La crazy train in questione non è tecnicamente insuperabile, ma va suonata estremamente "in avanti", sempre a tempo ovviamente, ma parlo di intenzione, e solo così si ottiene qualcosa di buono.
Ritengo che in generale sia sempre importante analizzare l'approccio sul tempo dei brani che si vanno a riproporre, perchè è quello che alla fine fa rendere bene quello che si fa.
Esempi simili a Crazy Train come intenzione si trovano a bizzeffe nell'hard rock d'annata.
Discorso opposto ho riscontrato invece su alcuni brani a BPM più lenti, come ad esempio It's only love (B.Adams\TIna Turner) o You can leave your hat on (Cocker), dove rendi bene il brano stando "seduto" sul beat (e non significa ASSOLUTAMENTE rallentare).

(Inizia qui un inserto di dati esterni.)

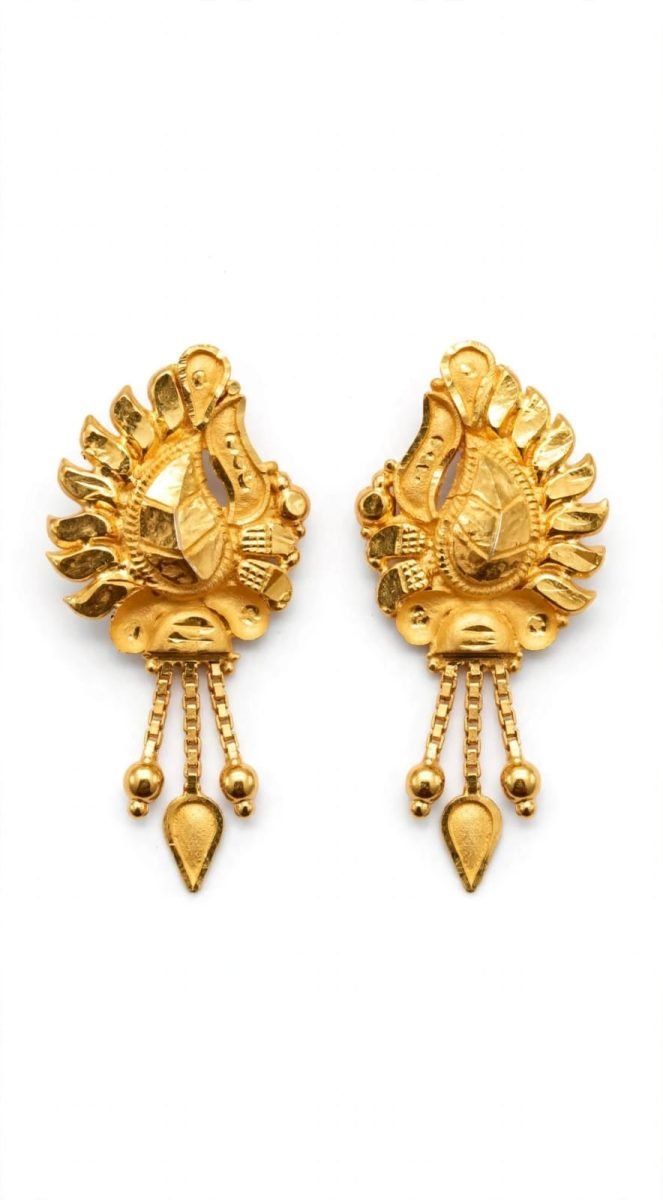 Traditional Peacock Motif Gold Drop Earrings with Chain Dangles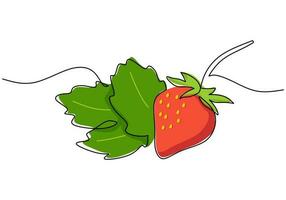 Erdbeere kontinuierlich einer Linie Zeichnung, Obst Vektor Illustration.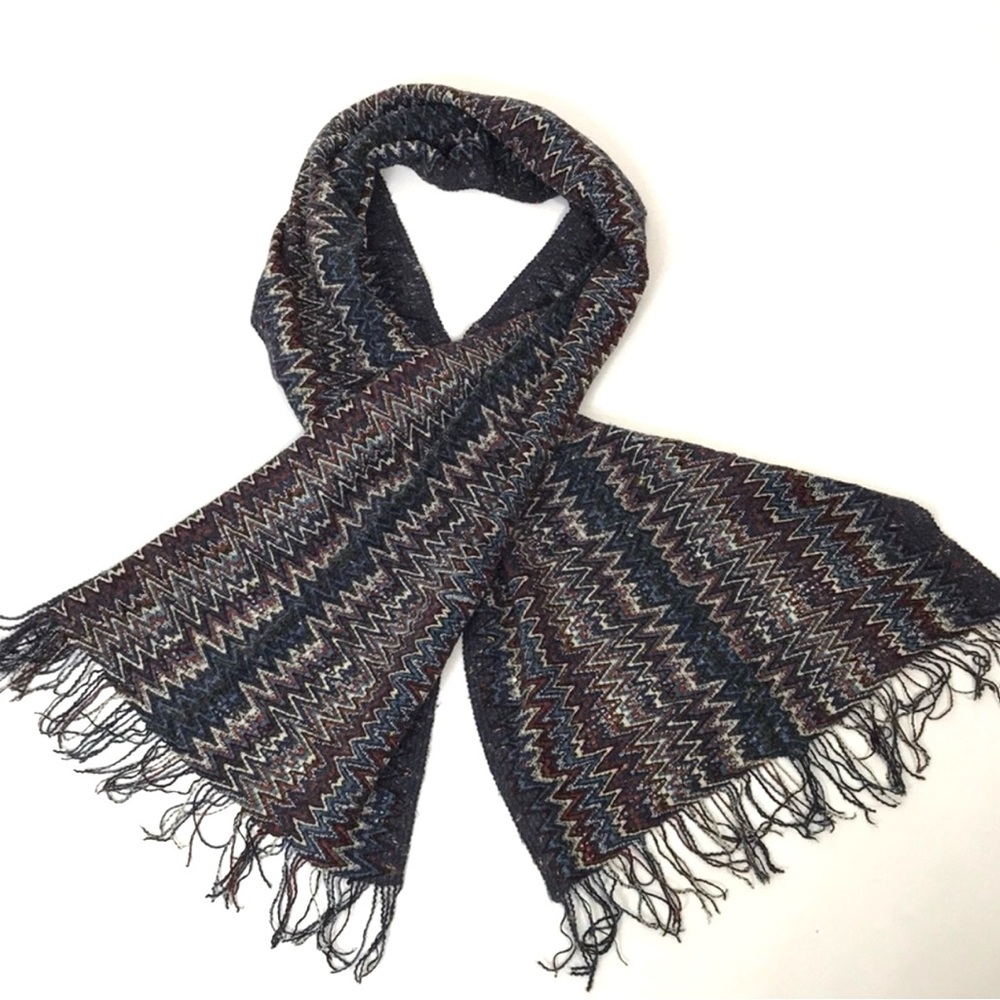 Missoni Dark Multicolor Zigzag Pattern Scarf - image 3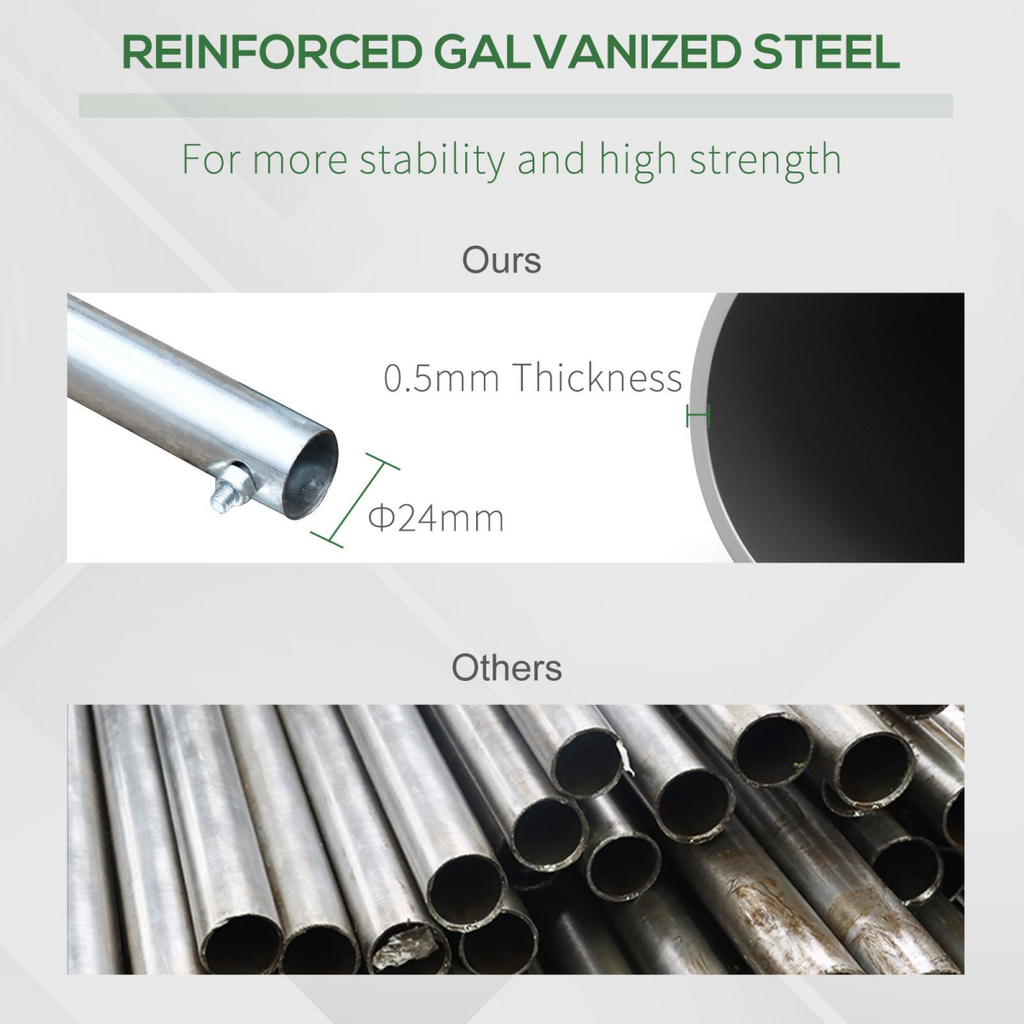 6 x 3M Reinforced Walk-in Polytunnel Garden Greenhouse Steel Frame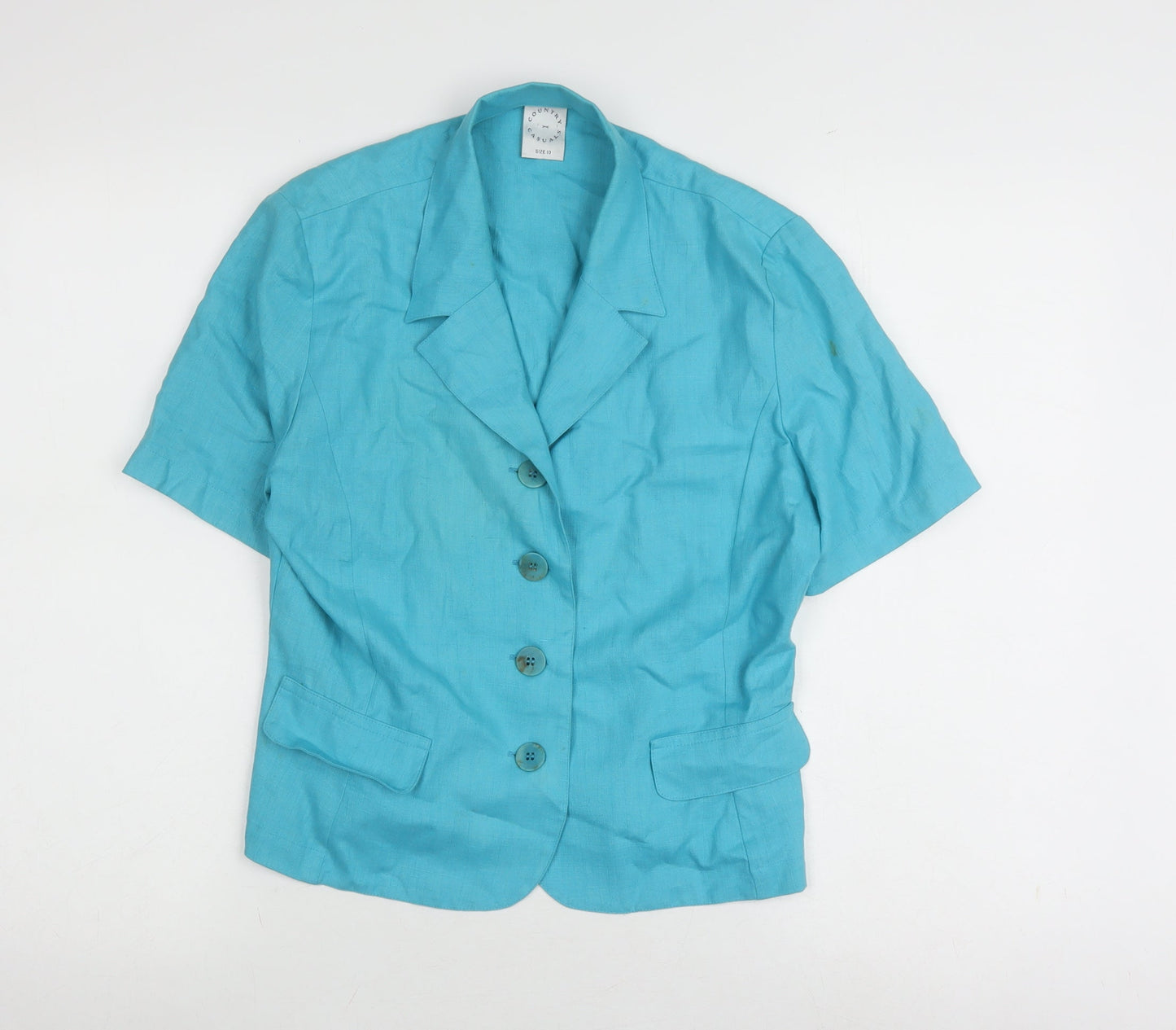 Country Casuals Women's Blue Linen Blazer Size 10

Nello specifico un grande effetto su questi pezzi lo ottieni "ritardando" impercettibilmente il rullante sul 2 e sul 4, in modo da creare un'effetto "trascinato", non saprei bene come spiegarlo diversamente...
Nel mezzo brani di tiro puro (a proposito la prima cosa che mi viene in mente è una You shook me all night long degli AC DC) dove invece la forza arriva proprio dallo stare esattamente sul beat, creando muro di suono con gli altri colleghi di band.
Ripeto, massima attenzione al fatto che tutto questo discorso non vuol dire rallentare o accellerare, i BPM restano quelli, si parla solo ed esclusivamente di intenzione!!!